Safety, risk and lifestyle in public health campaigns in the modern world

Public Health and Environmental Risk: Contesting Refuse Disposal in Britain 1920-1939

Timothy Cooper (Lecturer in History, Centre for Medical History, University of Exeter) and Sarah Bulmer (Ph.D. Politics, University of Exeter)

In the 2004 issue of Osiris, Gregg Mitman, Michelle Murphy and Christopher Sellars outlined the importance of medical knowledge, public health administration, and lay knowledge in the making of perceptions of environment and risk. They argued that environmental history should pay closer attention to medical history and the role of medical knowledge and its contestation in the making of environmental thought in the twentieth century. This perspective would redirect attention from histories or genealogies of ‘environment’ towards the co-production and contestation of environmental risk along lines that would include gender and class as central concerns.

This paper, which presents research from a Wellcome Trust Funded project, seeks to pick up these themes and investigate them in the context of refuse disposal in early twentieth-century Britain. Looking at a case study of Romford in the inter-war period, the paper investigates the contestation of new waste disposal technologies such as controlled-tipping in a local context. The period between the wars was one of crisis in metropolitan waste disposal, a crisis that was often best exemplified in suburban areas where metropolitan dumping clashed with new housing development based on promises of healthy living. Public cleansing experts were left in a quandary over how to convince a sceptical public that tipping could be carried out in a way that was healthy and did not leave the public exposed to environmental risks, such as smoke pollution or fly and rat infestations.
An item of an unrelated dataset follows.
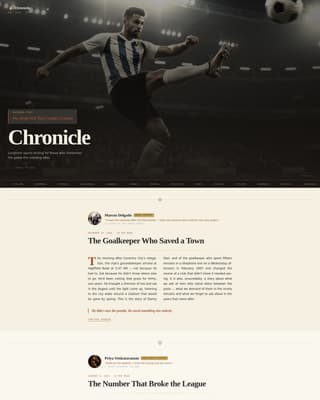 Sports Blog & Media Specialist Blog Website Template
The example of Romford suggests that, at least for a period, experts were able to build a convincing narrative of environmental expertise and control around the concept of controlled-tipping (landfill) as the cheapest and healthiest way of dealing with crude refuse dumps which did not conflict with the metropolitan priority of providing cheap disposal. The process of rebuilding refuse disposal around controlled tipping was, however, far from straightforward and remained contested throughout. Adapting and revising Z. Gille’s concept of the waste regime, this paper argues that the practices of waste disposal must be seen as an ideological attempt to stabilize and naturalize contradictions between claims to produce and control clean, healthy environments and the material necessities of urban growth and industrial production in a specifically capitalist context.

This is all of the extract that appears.